◆ TASK OBJECTIVE
For the entries that follow, restate word for word the line containing "3 дюймовые вафли", the line containing "Dr Trust USA", and every line that lies between them.

◆ INPUT FOR THIS TASK
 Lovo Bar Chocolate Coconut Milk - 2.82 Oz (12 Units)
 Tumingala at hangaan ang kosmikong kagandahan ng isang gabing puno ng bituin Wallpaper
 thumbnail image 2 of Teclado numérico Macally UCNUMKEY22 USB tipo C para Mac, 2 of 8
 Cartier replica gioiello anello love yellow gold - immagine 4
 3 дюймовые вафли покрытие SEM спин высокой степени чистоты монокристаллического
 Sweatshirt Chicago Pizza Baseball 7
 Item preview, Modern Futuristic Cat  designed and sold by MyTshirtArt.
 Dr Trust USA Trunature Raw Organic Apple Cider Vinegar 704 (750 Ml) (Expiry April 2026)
==
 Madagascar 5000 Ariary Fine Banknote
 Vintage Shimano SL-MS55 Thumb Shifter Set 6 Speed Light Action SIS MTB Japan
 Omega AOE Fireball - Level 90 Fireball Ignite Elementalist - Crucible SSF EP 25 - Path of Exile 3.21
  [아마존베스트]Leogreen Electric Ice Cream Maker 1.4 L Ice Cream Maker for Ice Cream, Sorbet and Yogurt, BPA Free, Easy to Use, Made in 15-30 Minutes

◆ EXERCISE RESULT
 3 дюймовые вафли покрытие SEM спин высокой степени чистоты монокристаллического
 Sweatshirt Chicago Pizza Baseball 7
 Item preview, Modern Futuristic Cat  designed and sold by MyTshirtArt.
 Dr Trust USA Trunature Raw Organic Apple Cider Vinegar 704 (750 Ml) (Expiry April 2026)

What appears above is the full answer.